For those who want a change from the Gospel

Easter 2 2020 – Exodus 14:10-31; 15:20-21
Just as the resurrection is the central act in the drama of the NT, so the Exodus is the central point of the OT. And just as we have four separate accounts of the passion and resurrection stories, so we have three accounts of the exodus, one of them, perhaps like John’s Gospel, more poetic and two, like the Synoptics, more narrative. Ex 15 is in the form of a prophetic (that is inspired) psalm which sets a retelling of the events in the context of a song of praise, while Ex 14 interweaves two other accounts. Biblical scholars who have nothing better to do with themselves can easily unpick the two accounts, using the distinctive vocabulary of each source, and make two coherent but different stories.
In the first account, from around 1000 BC, Moses has to do nothing, merely stand still and see what God will do. Yahweh plants his pillar of cloud/fire firmly between the Israelites and the Egyptians, who panic and run into the sea to their deaths. But in the later account dating from after the Babylonian exile, maybe the mid 5th century BC, Moses, and the people, are far more active: Moses holds out his staff, the sea opens (think Cecil B. de Mille), and then closes again over the pursuing Egyptian army.
Fascinating though this is, there are some important theological truths which we can only find through refusing merely to harmonise these stories. For example, we might ask the question – How exactly are we saved? The first, or Jahwistic source, would say by standing still and letting God do everything. Jesus’ death on the cross was entirely God’s initiative, to which Jesus willingly agreed, and there is nothing required of us, like ‘trying his works to do’ or, worse, trying to earn or deserve God’s salvation. But the later Priestly source would put much more emphasis on our response: our salvation is a combination of God’s initiative, Moses’ obedience, and our walking through the gap to the other side. To open the sea took God’s power and Moses’ stick, and the rescue of the people required them to enter into the sea and walk to the other side. Merely to ‘stand still and see the salvation of God’ would simply not have cut it. Both these truths need to be held in tension, in paradox, and in particular we need to ponder what would have happened to people who, even though God had opened the sea, refused to follow on the journey. It is also worth asking when are the times when we are called, as it were, to hold up our staffs, to work with God so that God’s salvation might come to others.

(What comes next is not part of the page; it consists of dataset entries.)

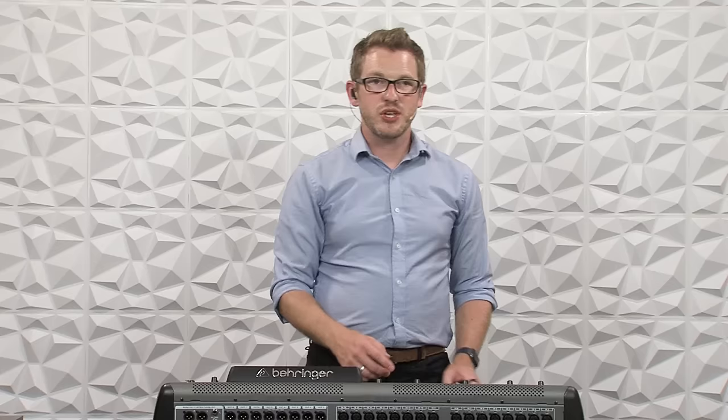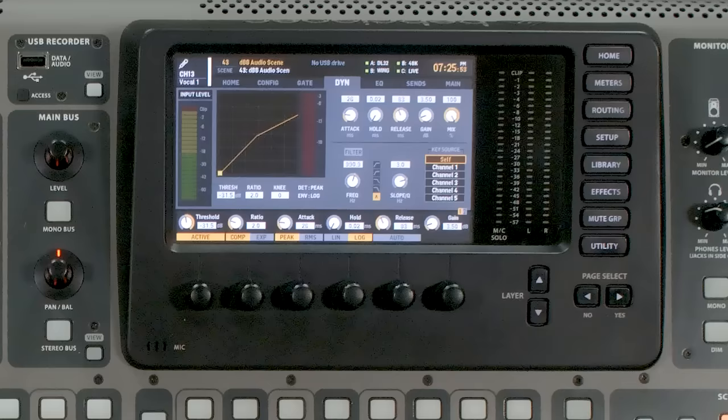Our ratio is going to be how much compression actually happens when the audio hits that threshold. With a ratio of 1.1 to 1, for every 1.1 dB above the threshold it will only go up by 1. If we change this to 2 to 1, every 2 dB above that threshold point, the output will increase by 1 dB. At 3 to 1, the vocalist has to sing 3 dB louder than the threshold for the output to go up by 1. And at 10 to 1, the vocalist has to sing 10 dB louder than that threshold point for it to go up by 1 dB. If we go up to 100 to 1, that is what we call a limiter.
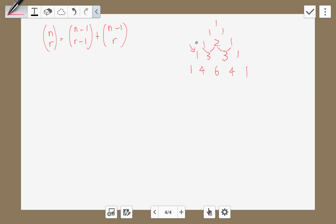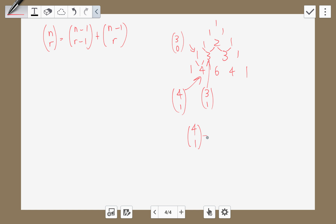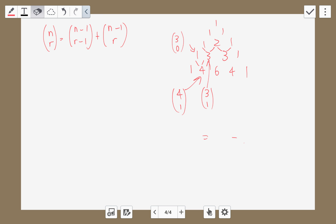You can see that this is actually 3 choose 0, this term here is 3 choose 1, and this is 4 choose 1. So 4 choose 1 equals 3 choose 0 plus 3 choose 1. Does it fit this formula? Yes it does, because n is 4, n minus 1 is 3, and if r is 1, then r minus 1 is 0. So it fits. This identity tells us how all the terms in Pascal's triangle are derived.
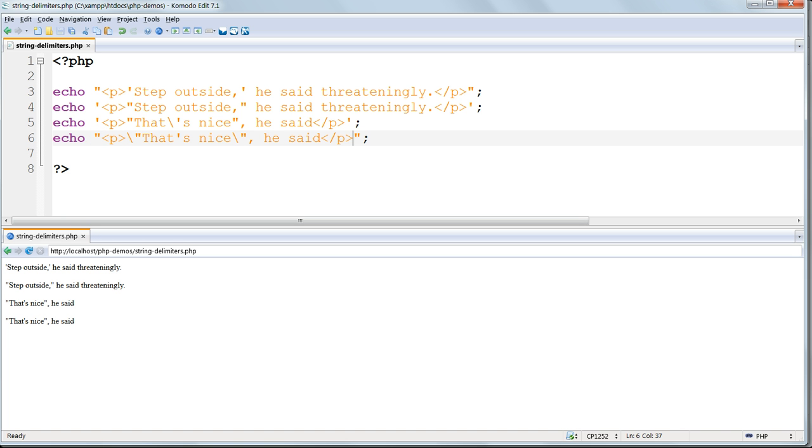This will be put into use later on, when we have to store HTML code containing quote marks as variables.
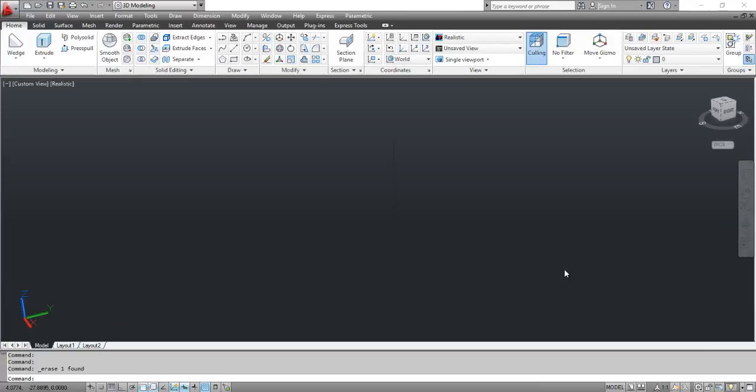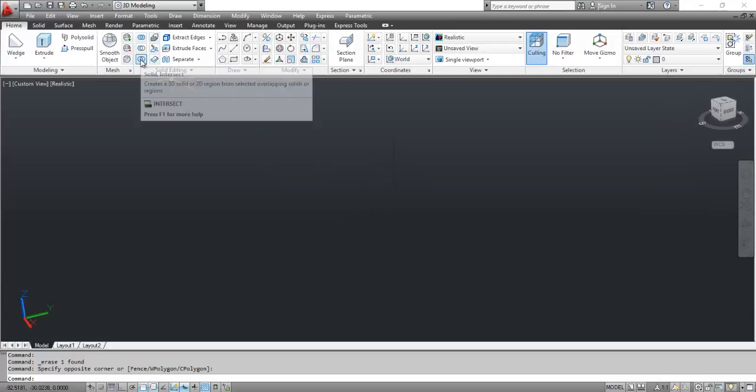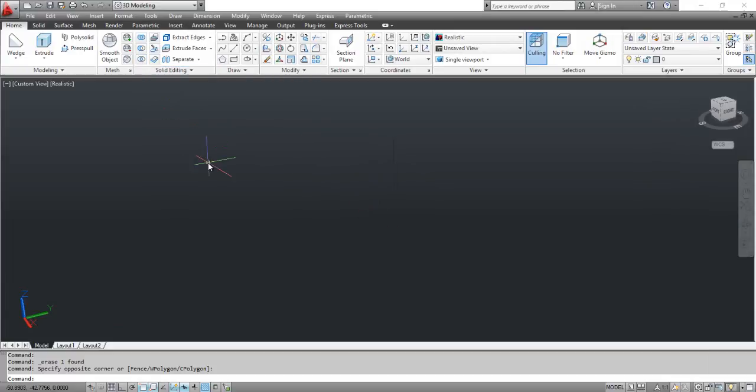The Intersect command creates a 3D solid from overlapping solids. You can select the Intersect tool from the dashboard. Or click the Modify menu, select Solid Editing, and select Intersect.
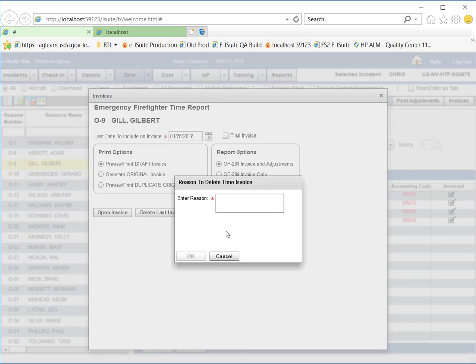I then must enter a reason to delete the invoice. In this case, I need to correct a posting, so I will enter that in the box and click on OK.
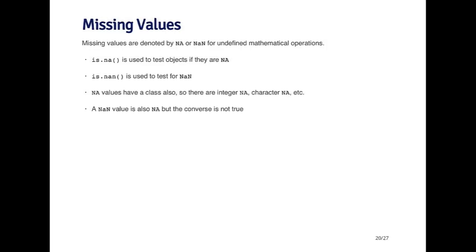So there's a special type of object that we haven't talked too much about yet. And these are missing values. Missing values in R are denoted by either NA or NAN, which we talked about before. NAN is used for undefined mathematical operations, and NA is pretty much used for everything else.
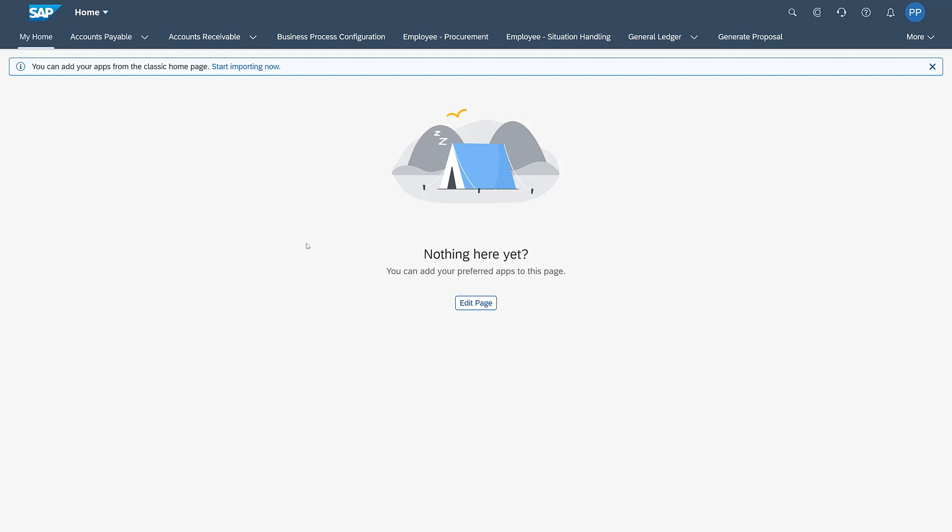For customers of S4HANA who've already been using the Classic Homepage and done some personalization there, they'll also get this message that you can add your apps from the Classic Homepage.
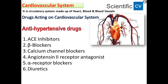So let's begin with the cardiovascular system. It is a circulatory system made up of the heart, blood, and blood vessels. We start with the antihypertensive drugs acting on the cardiovascular system. There are different types of antihypertensive drugs like ACE inhibitors, beta blockers, calcium channel blockers, angiotensin 2 receptor antagonists, alpha receptor blockers, and diuretics.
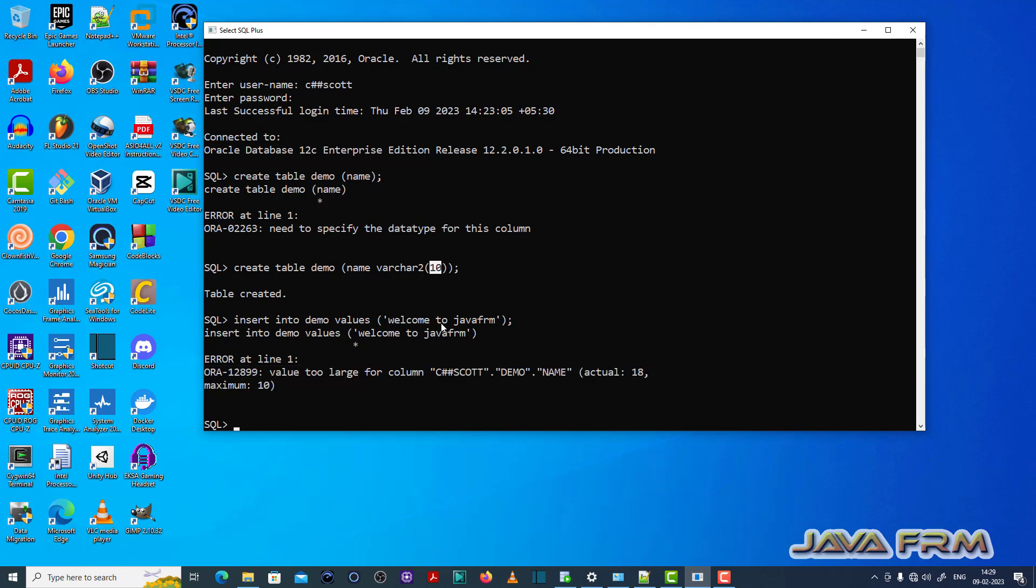I tried to insert 18 characters which threw the ORA-12899 error.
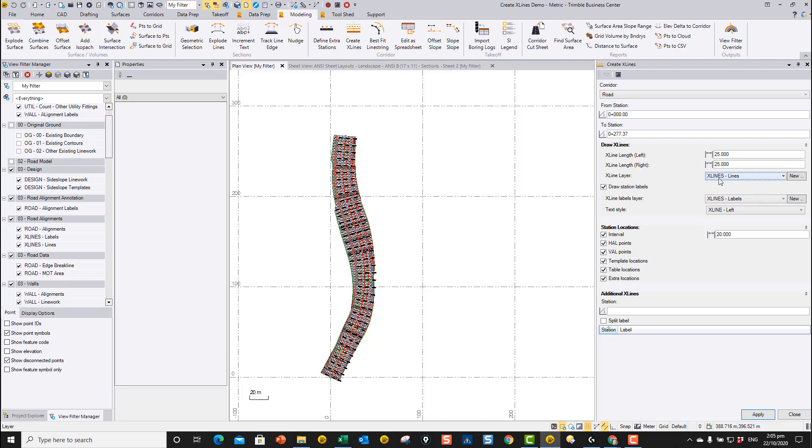We're going to put the x-lines on this layer that controls the color, line style, line weight type information. And then we're going to draw station labels and put them on this layer, which controls again layer color, line style, and that kind of thing.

But of course there is a huge elephant in the room, one which requires us to read this story in a fourth, more symbolic way. What about those poor Egyptians? The later, Priestly writers, had spent time in exile in Babylon, and were very familiar with the creation story according to Babylonian religion, where Marduk, the chief god (goodie), battles with a great sea-monster called Tiamat (baddie), and ends up cutting it in half and making the heavens and the earth from the two halves. This story is referenced a few times in the OT, with Tiamat going by the names of ‘The Deep’, Rahab and Leviathan, and God, of course, winning the fight. So the writers couldn’t resist seeing in the dividing of the Red Sea the cutting in half of something which formed the supreme symbol of all that is evil and destructive. Pharaoh, too, symbolises everything and everyone who stands against God, hardens his heart and refuses to submit to his will, and in so doing keeps people in slavery, and sends others to their deaths. Even at the bank of the Sea the army could have given in and admitted defeat, but no, they had to follow the Israelites in, and the very evil which God was defeating became their destruction, as evil always has been and always will be to those who sell their souls to it. And the poor soldiers who were simply obeying orders? They were collateral damage, as there always is in war and conflict. Tragically to set our hearts on evil, to choose to become a tyrant, means that it is not just us who gets hurt, but many innocent bystanders too. ‘Twas ever thus.
So this story, now that we have looked at it a bit more deeply, encourages us to give heartfelt praise to God for his initiative in saving us, to make sure that we follow him and help others to do so, and above all to get rid of anything and everything in our lives which plays into the hands of evil, harms others, and puts us in the way of our own destruction.